Note: In both cases the Argus application terminates with a segmentation fault.

The backtrace of the offending thread is as follows (same for both):

#0  0x0000007fb715d028 in nvcamerautils::Mutex::lock(char const*, unsigned int) const ()
   from /usr/lib/libnvcamerautils.so
#1  0x0000007fb71f6b74 in ?? () from /usr/lib/libnvscf.so
#2  0x0000007fb720bea4 in ?? () from /usr/lib/libnvscf.so
#3  0x0000007fb720c690 in ?? () from /usr/lib/libnvscf.so
#4  0x0000007fb721e580 in ?? () from /usr/lib/libnvscf.so
#5  0x0000007fb721ef38 in ?? () from /usr/lib/libnvscf.so
#6  0x0000007fb725a5d4 in ?? () from /usr/lib/libnvscf.so
#7  0x0000007fb72bc2d8 in ?? () from /usr/lib/libnvscf.so
#8  0x0000007fb728e7c8 in ?? () from /usr/lib/libnvscf.so
#9  0x0000007fb711a628 in ?? () from /usr/lib/libnvos.so
#10 0x0000007fb7e7d394 in ?? () from /lib/libpthread.so.0
#11 0x0000007fb7c2917c in ?? () from /lib/libc.so.6

Why need reset during streaming.
That could be expect error while unexpect streaming failed.

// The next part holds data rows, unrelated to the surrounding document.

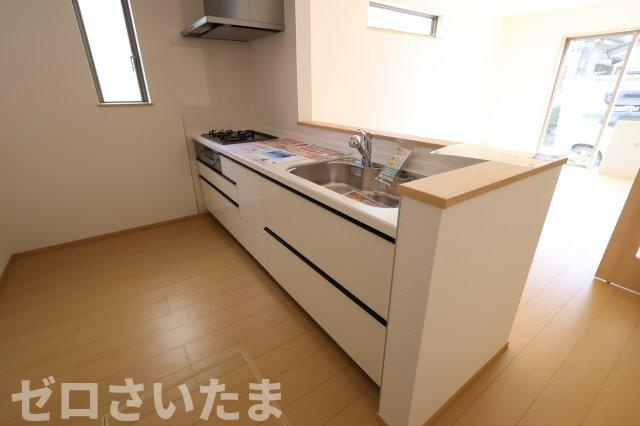 《仲介手数料無料》岩槻区本丸１丁目17-18新築一戸建てハートフルタウンのキッチン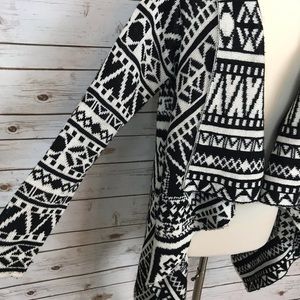 Flying Tomato Geometric Open Cardigan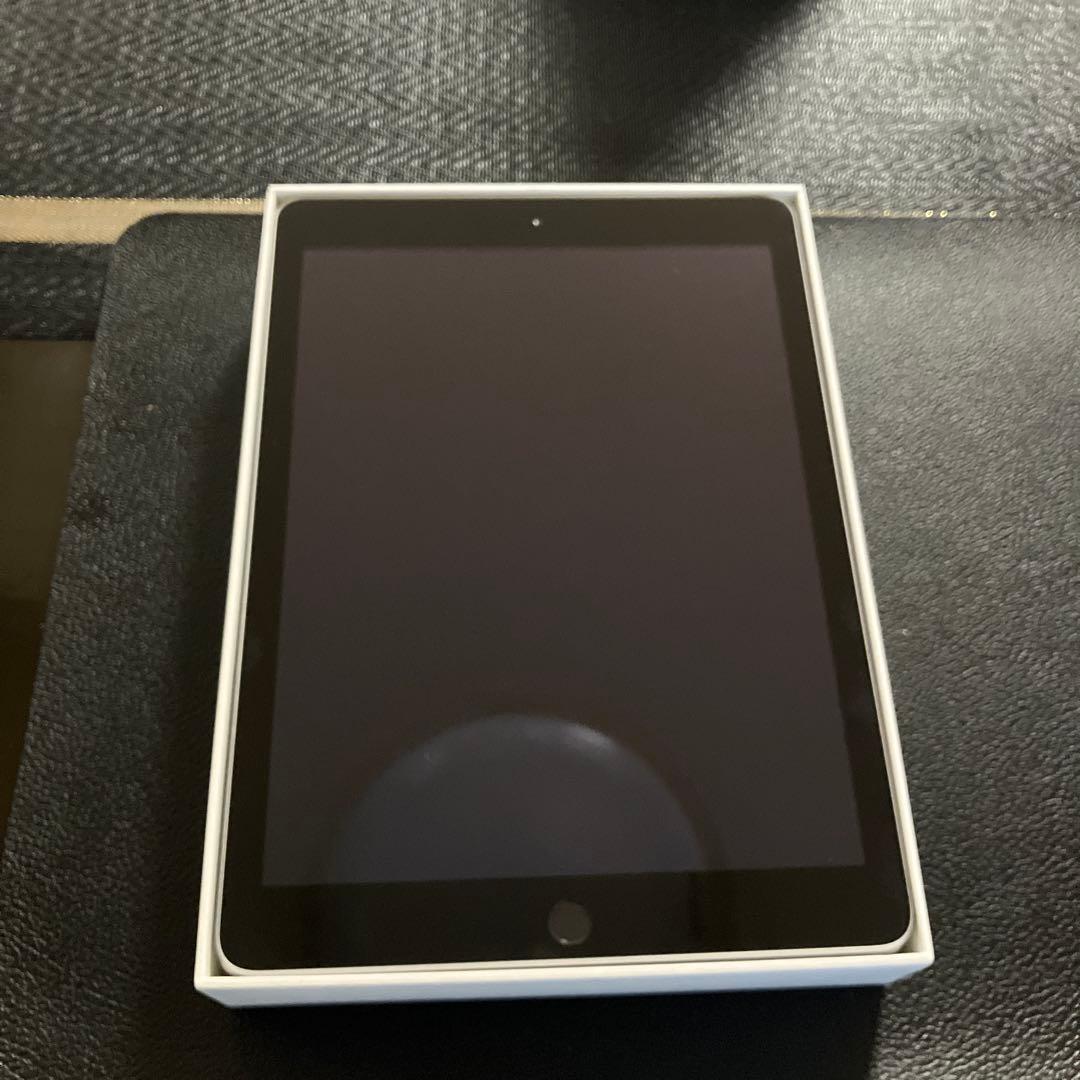 Apple iPad シルバー 第5世代32ギガ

We have a requirement to be able to handle those kinds of resets.

An error is certainly expected (even desired), but it must be possible to handle the error by restarting the capture session. An application crash by a segmentation fault is unacceptable.

Have reference to userAutoExposure in Argus sample to implement the EVENT_TYPE_ERROR

I am able to catch the error through the event queue mechanism as you suggest. The problem is (as pointed out above), that there is no way that I know of to react to the error, and avoid an application crash.

For current the APP just need terminal itself while catch the error.

Hmm, not sure what you mean. Our application is already automatically restarted after it crashes.

We have to avoid crashing our application, because a crash resets any TCP connections that the application maintains, which is a big issue for us.

I would suggest to upgrade to latest release due to have some recovery improve for this version.

This topic was automatically closed 14 days after the last reply. New replies are no longer allowed.